ArangoDB is a distributed database system supporting multiple data models, and can thus be scaled horizontally, that is, by using many servers, typically based on commodity hardware. This approach not only delivers performance as well as capacity improvements, but also achieves resilience by means of replication and automatic fail-over. Furthermore, you can build systems that scale their capacity dynamically up and down automatically according to demand.

You can also scale ArangoDB vertically, that is, by using ever larger and more powerful servers. There is no built-in limitation in ArangoDB, for example, the server will automatically use more threads if more CPUs are present. However, scaling vertically has the disadvantage that the costs grow faster than linear with the size of the server, and none of the resilience and dynamical capabilities can be achieved in this way.

Key/value pairs

The key/value store data model is the easiest to scale. In ArangoDB, this is implemented in the sense that a document collection always has a primary key _key attribute and in the absence of further secondary indexes the document collection behaves like a simple key/value store.

The only operations that are possible in this context are single key lookups and key/value pair insertions and updates. If _key is the only sharding attribute then the sharding is done with respect to the primary key and all these operations scale linearly. If the sharding is done using different shard keys, then a lookup of a single key involves asking all shards and thus does not scale linearly.

Document store

For the document store case even in the presence of secondary indexes essentially the same arguments apply, since an index for a sharded collection is simply the same as a local index for each shard. Therefore, single document operations still scale linearly with the size of the cluster, unless a special sharding configuration makes lookups or write operations more expensive.

Complex queries and joins

The AQL query language allows complex queries, using multiple collections, secondary indexes as well as joins. In particular with the latter, scaling can be a challenge, since if the data to be joined resides on different machines, a lot of communication has to happen. The AQL query execution engine organizes a data pipeline across the cluster to put together the results in the most efficient way. The query optimizer is aware of the cluster structure and knows what data is where and how it is indexed. Therefore, it can arrive at an informed decision about what parts of the query ought to run where in the cluster.

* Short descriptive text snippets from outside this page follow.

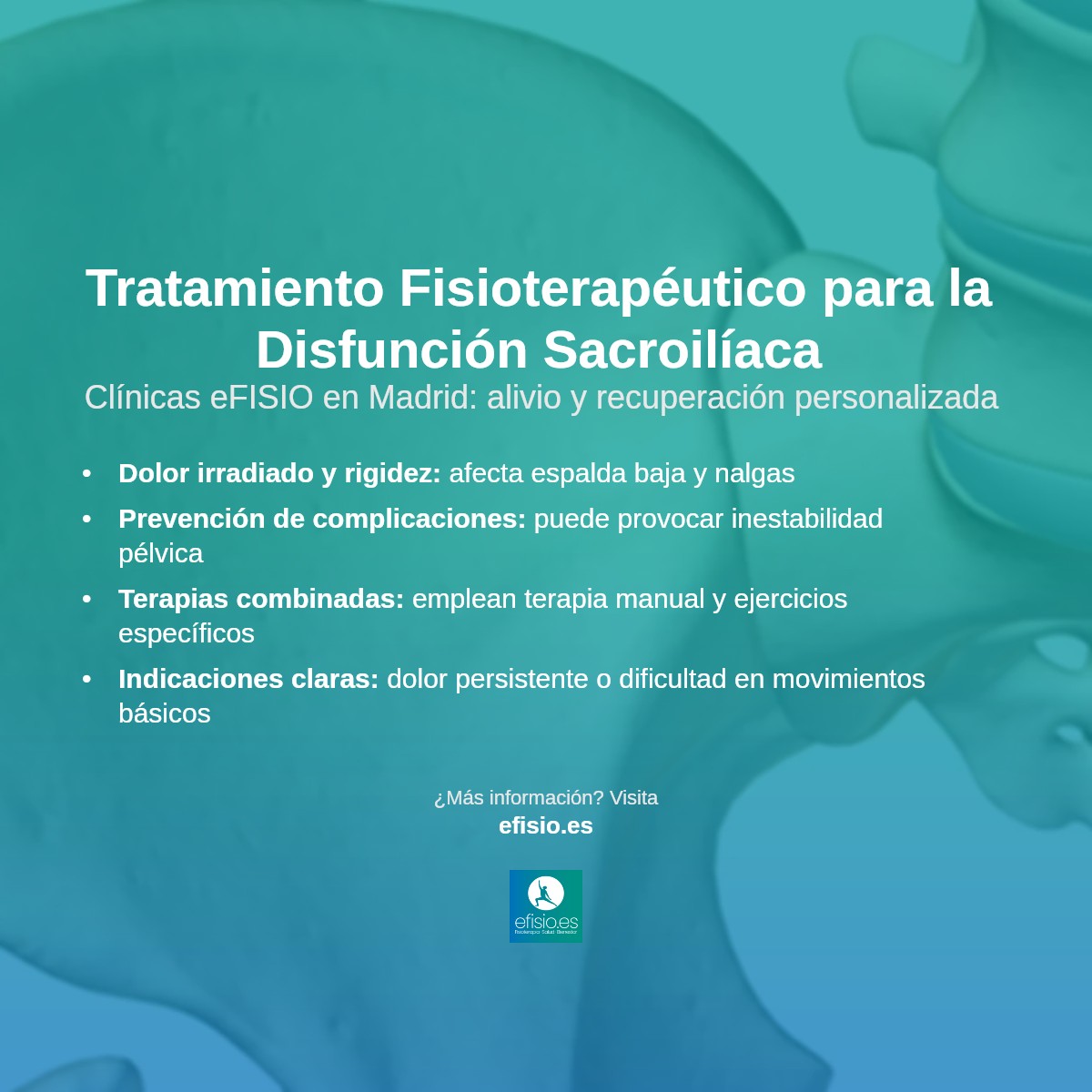 Imagen resumen sobre Disfunción de la articulación sacroilíaca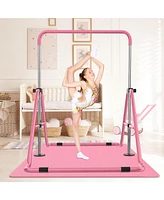 Zenova Gymnastics Bar Kids, Junior Training Bar, Height Adjustable Horizontal Bars With Gym Mat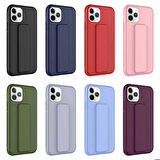 iPhone 11 Pro Max Uyumlu Zore Qstand Kapak-Mürdüm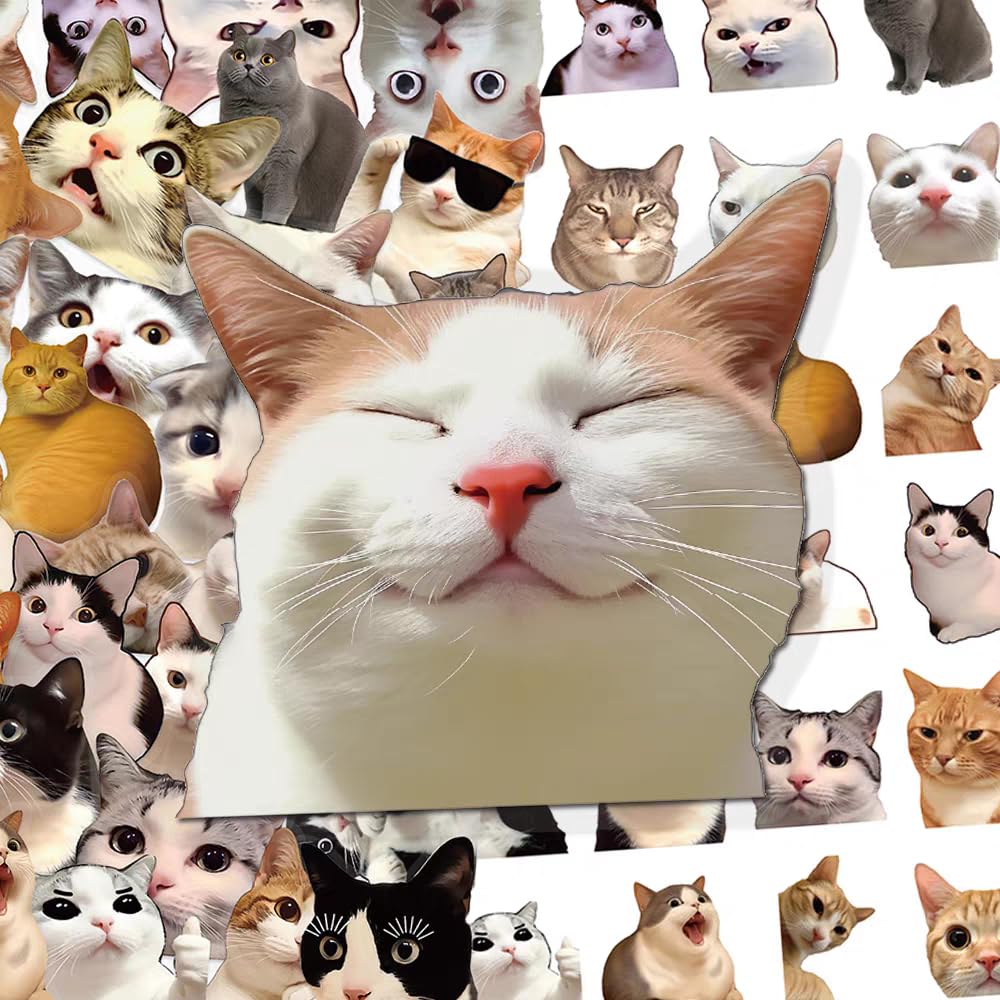 S.A.V.I 50 Pcs Cute Cat Stickers for Water Bottles, Laptops & Phones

Nevertheless, for certain complicated joins, there are limits as to what can be achieved.

Graph database

Graph databases are particularly good at queries on graphs that involve paths in the graph of an a priori unknown length. For example, finding the shortest path between two vertices in a graph, or finding all paths that match a certain pattern starting at a given vertex are such examples.

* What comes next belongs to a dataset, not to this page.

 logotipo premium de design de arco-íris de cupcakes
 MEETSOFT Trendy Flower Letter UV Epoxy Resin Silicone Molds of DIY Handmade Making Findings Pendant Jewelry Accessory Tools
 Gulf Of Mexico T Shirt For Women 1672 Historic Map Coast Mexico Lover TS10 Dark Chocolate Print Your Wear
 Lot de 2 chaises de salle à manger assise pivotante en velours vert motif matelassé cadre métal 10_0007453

However, if the vertices and edges along the occurring paths are distributed across the cluster, then a lot of communication is necessary between nodes, and performance suffers. To achieve good performance at scale, it is therefore necessary to get the distribution of the graph data across the shards in the cluster right. Most of the time, the application developers and users of ArangoDB know best, how their graphs are structured. Therefore, ArangoDB allows users to specify, according to which attributes the graph data is sharded. A useful first step is usually to make sure that the edges originating at a vertex reside on the same cluster node as the vertex.